Interesting perspective. I wonder where America could have lost its competitive edge. It couldn’t possibly have anything to do with a government that blows billions on green energy boondoggles while making it harder to drill for oil while trying to make electricity rates “skyrocket.” It couldn’t have to do with extending unemployment benefits to 99 weeks (and rising), or to bailouts[.]

Or the social safety nets that don’t give a hand up, but instead promotes government dependence.

But the “we’ve gone soft” line could simply be another one of Obama’s “stories”:

It turns out [Obama] too is obsessed with The Narrative. Mr. Suskind asked him why his team had difficulty creating a policy to deal with unemployment. Mr. Obama said some of it was due to circumstances, some to the complexity of the problem. Then he added: “We didn’t have a clean story that we wanted to tell against which we would measure various actions.” Huh? It wasn’t “clean,” he explained, because “what was required to save the economy might not always match up with what would make for a good story.”

Throughout the interview the president seems preoccupied with “shaping a story for the American people.” He says: “The irony is, the reason I was in this office is because I told a story to the American people.” But, he confesses, “that narrative thread we just lost” in his first years.

Then he asks, “What’s the particular requirement of the president that no one else can do?” He answers: “What the president can do, that nobody else can do, is tell a story to the American people” about where we are as a nation and should be.

Tell a story to the American people? That’s your job? Not adopting good policies? Not defending the nation? Storytelling?

The interview reflects the weird inability of so many in political leadership now to acknowledge the role in life of . . . reality.

So, Obama’s job is to tell us a story? We’re being led by this man? Someone hold me.

It reflects a disdain for the American people—they need their little stories—and it springs from an inability to understand the Reagan era. Democrats looked at him and the speeches and the crowds and balloons and thought: “I get it, politics is now all show biz.” Because they couldn’t take Reagan’s views and philosophy seriously, they couldn’t believe anyone else could, either. So they explained him through a story. The story was that Reagan’s success was due not to decisions and their outcomes but to a narrative. The narrative was “Morning in America”: Everything’s good, everyone’s happy.

Democrats vowed to create their own narratives, their own stories.

Here’s the problem: There is no story. At the end of the day, there is only reality. Things work or they don’t. When they work, people notice, and say it.

This is a frightening insight into the current democratic leadership.

More:

What’s “gone soft” and lost its “competitive edge” is American government, which can’t see a pile of money it doesn’t wish to expropriate in order to feed its “spread-the-wealth-around” socialist appetite and which sees government as the adversary rather than the enabler of business. That’s the rotten softness we have to worry about.
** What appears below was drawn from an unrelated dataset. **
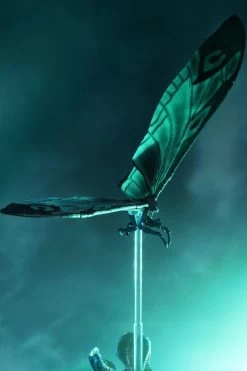 NECA Godzilla - King Of Monsters Mothra Poster Version Wing-to-Wing Actionfigur -Charakterpuppen Geschäft 42897 5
So please, Barack, don’t tell us that America has “gone soft” or “lost its competitive edge” when it’s you and your policies that are as soft and edgeless as a freshly shucked oyster. Once again, you have demonstrated beyond cavil that you have no idea what you are talking about. If you and your army of tax-hungry, regulation-spewing bureaucrats would just get out of the way, you’d see in a matter of months what the most innovative and productive economy in the world could do with respect to jobs here at home. But job creation is yet another thing you haven’t a clue about.

Word. It’s not WE who have gone soft. Crony capitalism and welfare dependence and government regulation/over-reach are all impediments. YOU are standing in our way, Mr. President.